Many employees view stock gains as "free money" they can afford to lose. This is psychologically seductive but financially dangerous. A $100,000 gain represents real wealth that could fund retirement, pay off debt, or provide security. Watching it evaporate because you felt it wasn't "really yours" is a devastating mistake.

The fix: Treat every dollar of portfolio value as equally real, regardless of how you acquired it.

Mistake #2: Letting Taxes Drive 100% of the Decision

Yes, selling triggers capital gains taxes. But paying 15-20% in taxes while locking in gains is far better than watching your stock drop 50% tax-free. A $100,000 position that drops to $50,000 loses $50,000 in value. Paying $15,000 in taxes to protect $85,000 in diversified wealth is mathematically superior in most scenarios.

The fix: Calculate your after-tax proceeds and make decisions based on total wealth, not tax avoidance alone.

Mistake #3: Selling All at Once Instead of Systematically

Panic-selling your entire position after a stock drop (or after reading about an executive sale) often means selling at the worst time. Similarly, dumping everything at once after a run-up might mean missing further gains.

The fix: Implement a systematic selling schedule—for example, selling 10-20% of your position every quarter over 12-24 months. This averages your exit price and removes emotional decision-making.

Mistake #4: Ignoring the Lesson from Executive Sales

When Steven Borges sells $1.6 million in Jabil stock, he's demonstrating a principle most retail investors ignore: even highly-paid executives who believe in their companies diversify their personal wealth. If the EVP doesn't keep 100% of his net worth in company stock, why should you?

The fix: Follow the behavior, not just the headlines. Executives consistently diversify, and so should you.

Action Steps

Step 1: Calculate Your True Concentration (This Weekend)

Log into all your investment accounts—401(k), IRA, brokerage, ESPP—and total your company stock holdings. Divide by your total investable assets. Write this percentage down. If it exceeds 15%, proceed to Step 2 with urgency.

The [Net Worth Calculator](https://whye.org/tool/net-worth-calculator) can help you organize all these accounts and compute your exact concentration percentage in minutes.

Step 2: Establish a Target Allocation (Within 2 Weeks)

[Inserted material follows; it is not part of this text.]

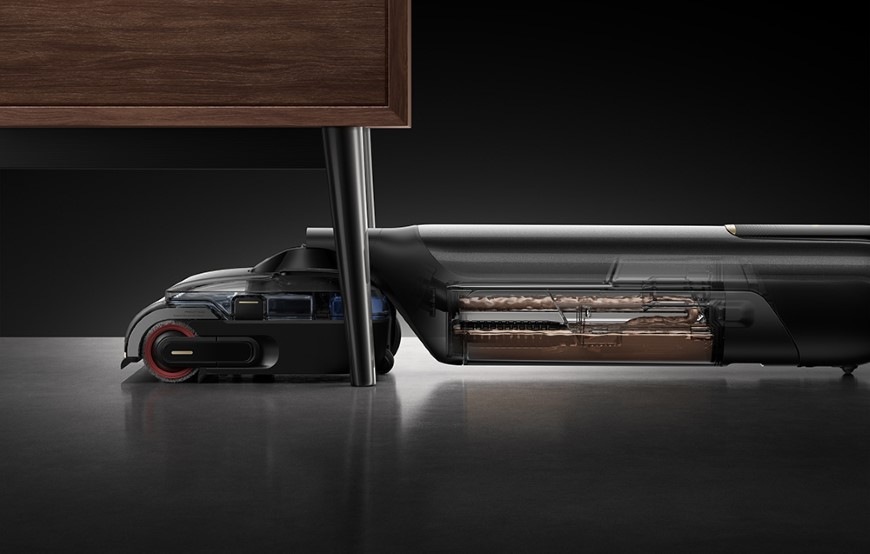 Viacúčelový vysávač MOVA M50 Pro čierny Vysávač MOVA M50 Pro v 180° polohe pri upratovaní pod nábytkom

Decide what concentration level you're comfortable with long-term. For most people, 5-10% is reasonable. Calculate how many shares you need to sell to reach this target.

Example: Current holdings $150,000, target 10% of $400,000 portfolio = $40,000 target. Sell $110,000 worth over time.

Step 3: Create a Systematic Selling Schedule (Within 30 Days)

Set calendar reminders to sell a fixed percentage or dollar amount monthly or quarterly. Consider using your brokerage's automatic sale features if available. If you're a company insider, work with legal counsel to establish a 10b5-1 plan that automates sales.